It is a different experience to type these words instead of just reading them.  It takes a different level of concentration and awareness, and then, in the proofreading, a different sense of understanding emerges.  I debated whether to include the entire text, but I am glad I did.  You might think about typing or writing it out yourself to boost your appreciation.  Or at least try saying the words out loud.

If you review the words closely, you will find all the themes of the beginning of the Gospel of John.  Francis addresses our created nature, our wretched sinfulness, and the Mercy of God in sending His Son to secure our redemption.  The themes of returning God’s Love wholeheartedly and being a believer are present.  What took me five thousand plus words to describe, he achieved in about eight hundred and much more poetically than I could ever hope to achieve. 

Plus, Francis added an overwhelming sense of gratitude and thankfulness.  He begins by thanking God for Himself.  He then thanks God for our creation and for the gift of salvation through the Son.  And then He thanks God for the Son a second time in relation to the gift of the Kingdom that has been prepared for those who practice Penance. 

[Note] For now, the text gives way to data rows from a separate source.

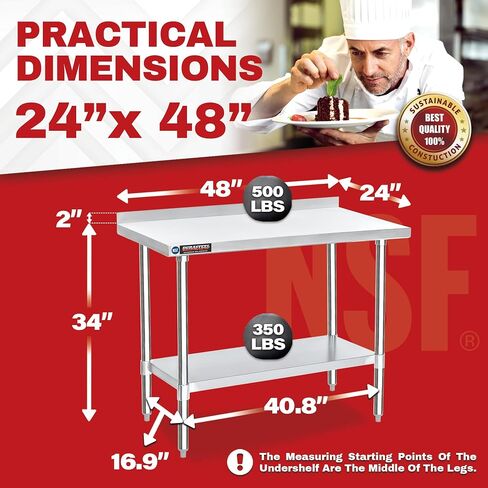 DuraSteel NSF Commercial Kitchen Table - 24 x 48 Inch Cooking Prep Stainless Steel Kitchen Island Workstation w/ Adjustable Under Shelf - Heavy Metal Backsplash Workbench For Restaurant, Home, Garage in Saudi Arabia
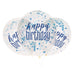 6 12'' Clear Printed Glitz ''Happy Birthday'' Balloons With Confetti, Blue & Silver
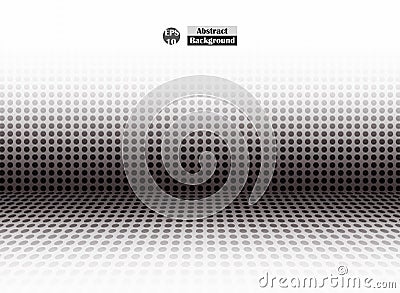 Abstract of halftone black dot of empty perspective, simple presentation. Vector Illustration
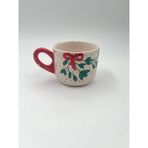 Kimya Ceramics Handmade Seramik Kupa(Yılbaşı Temalı Fiyonklu) - 1 Adet - 200 ml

And then Francis proceeds to ask every holy person or entity that has ever existed, does exist, or will exist, starting with Jesus, the Holy Spirit, and Mary, and working his way down from there, to thank God on our behalf because we are too miserable and wretched to be able to thank Him properly for the underserved Mercy He showers upon us.

Finally, he reinforces the goodness of God as he “humbly asks and begs those who wish to serve the Lord God within the holy Catholic and Apostolic Church ……… to persevere in the true faith and in Penance for otherwise no one will be saved,” while simultaneously encouraging us “to love, honor, adore ……… the Lord our God with our whole heart, our whole soul, our whole mind, ………”

_________________

Love’s Reply takes this prayer and uses it to establish gratitude as the only proper response to the overwhelming Mercy of God.  Gratitude is the fountain that ultimately allows Penance to flourish.  These quotes demonstrate the tenor of what Love’s Reply works to convey regarding gratitude and thanksgiving:

“The very starting point of our life of penance is naught else than overflowing gratitude for the benefits which the mercy of the Father has bestowed on us in his true and holy love through our Lord Jesus Christ.”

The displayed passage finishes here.